(WHAT TO DO): Using the data below, copy every line that contains the word "with".

(ENTRIES PROVIDED):
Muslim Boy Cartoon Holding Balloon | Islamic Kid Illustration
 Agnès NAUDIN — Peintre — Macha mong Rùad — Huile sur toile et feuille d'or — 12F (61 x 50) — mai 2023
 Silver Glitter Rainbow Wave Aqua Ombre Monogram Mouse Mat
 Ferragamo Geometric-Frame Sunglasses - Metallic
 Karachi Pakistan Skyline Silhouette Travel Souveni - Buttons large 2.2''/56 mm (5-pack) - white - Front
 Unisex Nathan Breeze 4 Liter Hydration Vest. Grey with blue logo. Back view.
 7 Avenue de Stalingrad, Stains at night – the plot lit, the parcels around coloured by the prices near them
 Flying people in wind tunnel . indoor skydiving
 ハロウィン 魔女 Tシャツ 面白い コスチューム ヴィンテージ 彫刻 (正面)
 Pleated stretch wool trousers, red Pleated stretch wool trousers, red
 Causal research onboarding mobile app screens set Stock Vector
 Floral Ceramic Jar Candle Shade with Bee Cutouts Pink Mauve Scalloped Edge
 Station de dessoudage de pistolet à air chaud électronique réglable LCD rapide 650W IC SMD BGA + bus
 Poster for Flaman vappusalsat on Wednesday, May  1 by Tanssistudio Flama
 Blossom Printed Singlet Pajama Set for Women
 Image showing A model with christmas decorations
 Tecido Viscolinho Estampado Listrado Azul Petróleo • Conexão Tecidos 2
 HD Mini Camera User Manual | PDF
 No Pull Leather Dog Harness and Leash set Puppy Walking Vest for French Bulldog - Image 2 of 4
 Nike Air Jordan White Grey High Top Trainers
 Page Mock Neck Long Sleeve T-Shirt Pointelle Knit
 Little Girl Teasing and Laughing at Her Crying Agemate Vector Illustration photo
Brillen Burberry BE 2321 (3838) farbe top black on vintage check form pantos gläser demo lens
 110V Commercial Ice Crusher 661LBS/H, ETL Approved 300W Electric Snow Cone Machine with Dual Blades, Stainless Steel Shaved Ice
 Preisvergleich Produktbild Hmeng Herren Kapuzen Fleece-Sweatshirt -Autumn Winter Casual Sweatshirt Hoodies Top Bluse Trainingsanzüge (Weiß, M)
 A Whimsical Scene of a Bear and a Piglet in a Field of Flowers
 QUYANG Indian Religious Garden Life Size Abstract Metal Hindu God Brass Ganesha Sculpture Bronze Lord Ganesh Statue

(OUTPUT BELOW):
 Unisex Nathan Breeze 4 Liter Hydration Vest. Grey with blue logo. Back view.
 Floral Ceramic Jar Candle Shade with Bee Cutouts Pink Mauve Scalloped Edge
 Image showing A model with christmas decorations
 110V Commercial Ice Crusher 661LBS/H, ETL Approved 300W Electric Snow Cone Machine with Dual Blades, Stainless Steel Shaved Ice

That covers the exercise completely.